This is the text of a message I was invited to send to a conference to be held February 24th through March 1st at Ahmadu Bello University in Nigeria.

Dear Friends:

I am so sorry I am not able to join you at Ahmadu Bello University, to take part in your conference “3 Decades+ of Popular Theatre/Theatre For Development Practice.” I am grateful to Jenks Okwori for the honor and pleasure of sending these words of thanks for your courage and dedication, and for the inspiration you have spread around the globe.

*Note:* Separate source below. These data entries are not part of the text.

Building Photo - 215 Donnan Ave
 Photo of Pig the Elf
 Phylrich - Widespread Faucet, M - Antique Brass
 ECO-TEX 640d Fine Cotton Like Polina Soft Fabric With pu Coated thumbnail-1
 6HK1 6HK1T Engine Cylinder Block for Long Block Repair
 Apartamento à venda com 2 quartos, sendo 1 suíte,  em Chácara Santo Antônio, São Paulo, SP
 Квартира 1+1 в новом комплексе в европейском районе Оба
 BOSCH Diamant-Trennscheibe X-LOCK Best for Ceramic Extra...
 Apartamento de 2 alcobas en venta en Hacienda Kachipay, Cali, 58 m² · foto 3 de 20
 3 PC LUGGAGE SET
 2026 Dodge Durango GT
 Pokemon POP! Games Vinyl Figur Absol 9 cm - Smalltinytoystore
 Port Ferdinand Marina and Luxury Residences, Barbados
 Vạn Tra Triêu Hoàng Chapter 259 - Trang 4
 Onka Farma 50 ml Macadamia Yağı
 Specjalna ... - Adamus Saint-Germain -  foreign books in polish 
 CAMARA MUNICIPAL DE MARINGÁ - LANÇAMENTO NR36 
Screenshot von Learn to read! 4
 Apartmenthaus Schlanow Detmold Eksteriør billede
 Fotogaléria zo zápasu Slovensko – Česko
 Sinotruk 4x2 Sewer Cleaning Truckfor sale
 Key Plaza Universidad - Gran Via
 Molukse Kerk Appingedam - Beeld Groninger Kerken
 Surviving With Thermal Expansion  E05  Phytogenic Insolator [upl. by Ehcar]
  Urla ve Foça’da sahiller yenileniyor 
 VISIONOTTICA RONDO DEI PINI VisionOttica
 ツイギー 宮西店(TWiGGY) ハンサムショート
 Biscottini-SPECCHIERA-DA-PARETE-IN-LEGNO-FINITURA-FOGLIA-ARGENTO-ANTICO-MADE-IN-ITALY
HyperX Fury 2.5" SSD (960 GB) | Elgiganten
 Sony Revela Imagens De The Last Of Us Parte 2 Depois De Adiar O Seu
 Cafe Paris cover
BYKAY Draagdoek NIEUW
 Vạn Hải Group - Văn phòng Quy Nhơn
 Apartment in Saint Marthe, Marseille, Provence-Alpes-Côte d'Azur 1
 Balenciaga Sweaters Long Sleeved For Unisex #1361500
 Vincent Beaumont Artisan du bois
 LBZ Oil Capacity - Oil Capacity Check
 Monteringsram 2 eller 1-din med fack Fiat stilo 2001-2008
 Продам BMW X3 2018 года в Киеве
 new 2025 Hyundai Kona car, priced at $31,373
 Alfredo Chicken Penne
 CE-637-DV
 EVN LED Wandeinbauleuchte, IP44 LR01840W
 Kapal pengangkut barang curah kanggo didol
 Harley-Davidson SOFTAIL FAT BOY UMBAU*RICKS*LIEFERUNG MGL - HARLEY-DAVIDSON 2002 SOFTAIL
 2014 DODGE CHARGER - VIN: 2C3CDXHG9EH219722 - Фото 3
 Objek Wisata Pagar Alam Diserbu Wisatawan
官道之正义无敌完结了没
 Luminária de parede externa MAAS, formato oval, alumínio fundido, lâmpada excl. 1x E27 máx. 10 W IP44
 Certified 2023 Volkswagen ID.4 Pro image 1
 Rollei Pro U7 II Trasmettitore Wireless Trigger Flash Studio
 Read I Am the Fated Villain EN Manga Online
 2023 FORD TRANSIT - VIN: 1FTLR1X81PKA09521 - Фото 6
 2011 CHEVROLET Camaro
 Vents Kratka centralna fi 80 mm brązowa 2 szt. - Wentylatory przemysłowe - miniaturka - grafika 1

Six years ago, when Don Adams and I wrote the introduction to Community, Culture and Globalization, an anthology of essays on community cultural development by practitioners and thinkers from fifteen countries, we looked back to material on African popular theater we had collected in the late seventies and early eighties. I want to quote from this material at some length, for reasons which will soon become clear. “In preparing this essay,” we wrote,

"[W]e retrieved from our archives a thick folder of documents from the Third World Popular Theatre Network, a now-defunct international alliance that published its first newsletter -- composed on an electric typewriter -- in January 1982. Some readers may not recall the difficulty of international networking in the years before the advent of the Internet. Some of these archival materials are tissue carbon copies or hand-written letters; still others are mimeographed. All were received by post operating at the snail-like pace of the international mails of two decades ago. The obstacles were formidable: it took a year to compose and circulate the newsletter’s first two issues. But around the globe -- most actively in Asia and Africa -- practitioners of Theater for Development struggled to document and share what they had experienced.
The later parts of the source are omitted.